What’s New in Pyparsing 3.2.x

author:

Paul McGuire

date:

September, 2025

abstract:

This document summarizes the changes made in the 3.2.x releases of pyparsing.

Supported Python versions

  • Added support for Python 3.13 and 3.14.

  • Python versions before 3.9 are no longer supported. Removed legacy Py2.x support and other deprecated features. Pyparsing now requires Python 3.9 or later. If you are using an earlier 3.x version of Python, use pyparsing 3.1; for Python 2.x, use Pyparsing 2.4.7.

New Features

  • Added type annotations to remainder of pyparsing package, and added mypy run to tox.ini, so that type annotations are now run as part of pyparsing’s CI.

  • Exception message format can now be customized, by overriding ParseBaseException.format_message:

    def custom_exception_message(exc) -> str:
        found_phrase = f", found {exc.found}" if exc.found else ""
        return f"{exc.lineno}:{exc.column} {exc.msg}{found_phrase}"
    
    ParseBaseException.formatted_message = custom_exception_message
    
  • run_tests now detects if an exception is raised in a parse action, and will report it with an enhanced error message, with the exception type, string, and parse action name.

  • QuotedString now handles translation of escaped integer, hex, octal, and Unicode sequences to their corresponding characters.

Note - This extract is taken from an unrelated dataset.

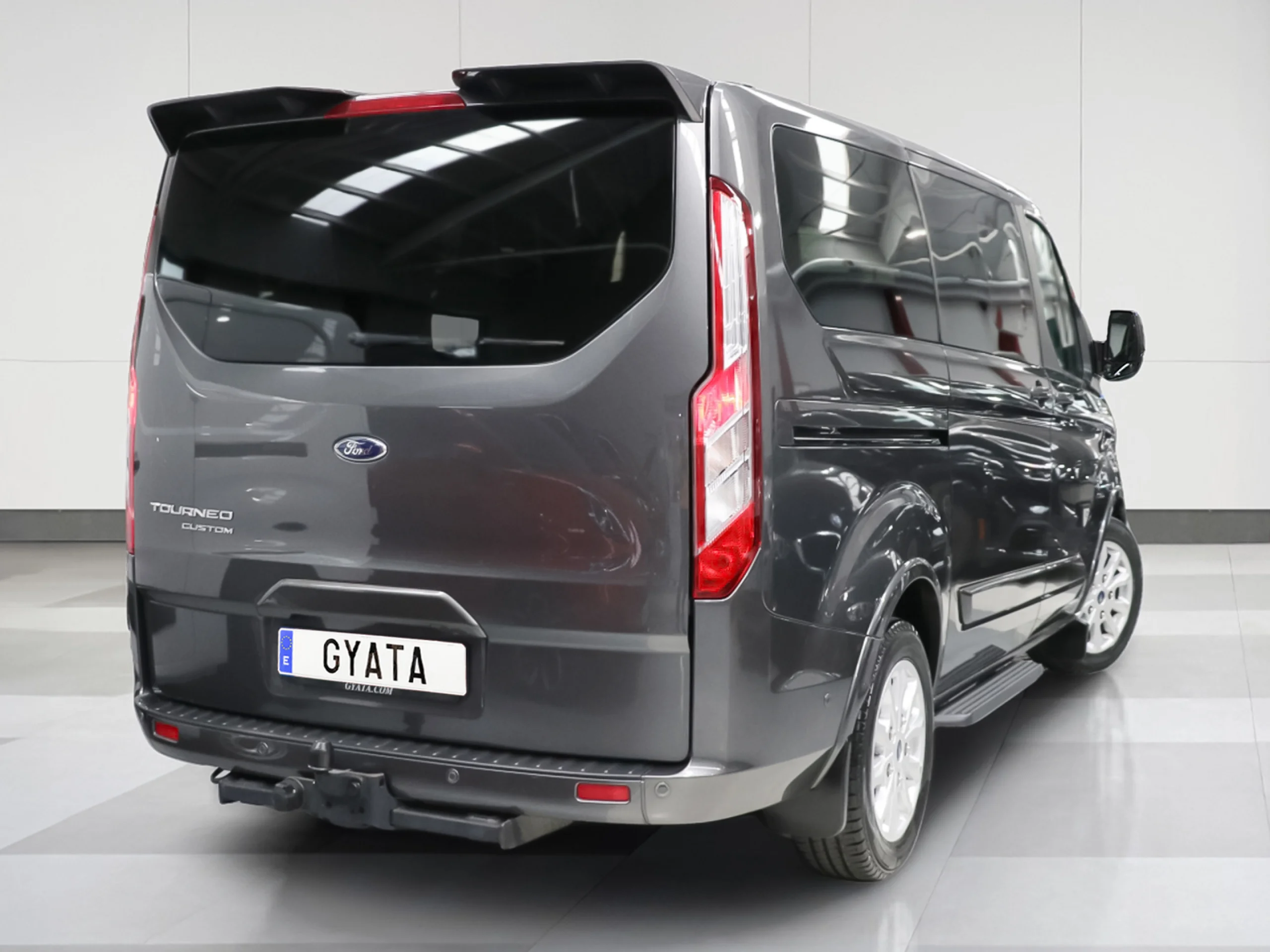 Ford Tourneo Custom 2.0 Ecoblue L1 Titanium Auto 125 kW (170 CV) - Foto 2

  • Defined a more performant regular expression used internally by common_html_entity.

  • Regex instances can now be created using a callable that takes no arguments and just returns a string or a compiled regular expression, so that creating complex regular expression patterns can be deferred until they are actually used for the first time in the parser.

  • Fixed the displayed output of Regex terms to deduplicate repeated backslashes, for easier reading in debugging, printing, and railroad diagrams.

  • Railroad diagramming improvements

    • Updated generated railroad diagrams to make non-terminal elements links to their related sub-diagrams. This greatly improves navigation of the diagram, especially for large, complex parsers.

    • Fixed railroad diagrams that get generated with a parser containing a Regex element defined using a verbose pattern - the pattern gets flattened and comments removed before creating the corresponding diagram element.

    • Added optional argument show_hidden to ParserElement.create_diagram() to show elements that are used internally by pyparsing, but are not part of the actual parser grammar. For instance, the Tag class can insert values into the parsed results but it does not actually parse any input, so by default it is not included in a railroad diagram. By calling create_diagram() with show_hidden = True, these internal elements will be included. (You can see this in the tag_metadata.py script in the examples directory.)

    • Fixed the displayed output of Regex terms to deduplicate repeated backslashes, for easier reading in debugging, printing, and railroad diagrams.

    • Simplified railroad diagrams emitted for parsers using infix_notation(), by hiding lookahead terms. Renamed internally generated expressions for clarity, and improved diagramming.

API Changes

Possible breaking changes

  • Fixed code in ParseElementEnhance subclasses that replaced detailed exception messages raised in contained expressions with a less-specific and less-informative generic exception message and location.

    If your code has conditional logic based on the message content in raised ParseExceptions, this bugfix may require changes in your code.

  • Fixed bug in transform_string() where whitespace in the input string was not properly preserved in the output string.

    If your code uses transform_string, this bugfix may require changes in your code.

  • Fixed bug where an IndexError raised in a parse action was incorrectly handled as an IndexError raised as part of the ParserElement parsing methods, and reraised as a ParseException. Now an IndexError that raises inside a parse action will properly propagate out as an IndexError.

    If your code raises IndexError in parse actions, this bugfix may require changes in your code.

Additional API changes

  • Added optional flatten Boolean argument to ParseResults.as_list(), to return the parsed values in a flattened list.

  • Added indent and base_1 arguments to pyparsing.testing.with_line_numbers. When using with_line_numbers inside a parse action, set base_1 =False, since the reported loc value is 0-based. indent can be a leading string (typically of spaces or tabs) to indent the numbered string passed to with_line_numbers.

New / Enhanced Examples

  • Added query syntax to mongodb_query_expression.py with:

    • better support for array fields (“contains all”, “contains any”, and “contains none”)

    • “like” and “not like” operators to support SQL “%” wildcard matching and “=~” operator to support regex matching

    • text search using “search for”

    • dates and datetimes as query values

    • a[0] style array referencing

  • Added lox_parser.py example, a parser for the Lox language used as a tutorial in Robert Nystrom’s “Crafting Interpreters” (http://craftinginterpreters.com/).

  • Added complex_chemical_formulas.py example, to add parsing capability for formulas such as “Ba(BrO₃)₂·H₂O”.

  • Updated tag_emitter.py to use new Tag class, introduced in pyparsing 3.1.3.

Acknowledgments

Again, thanks to the many contributors who submitted issues, questions, suggestions, and PRs.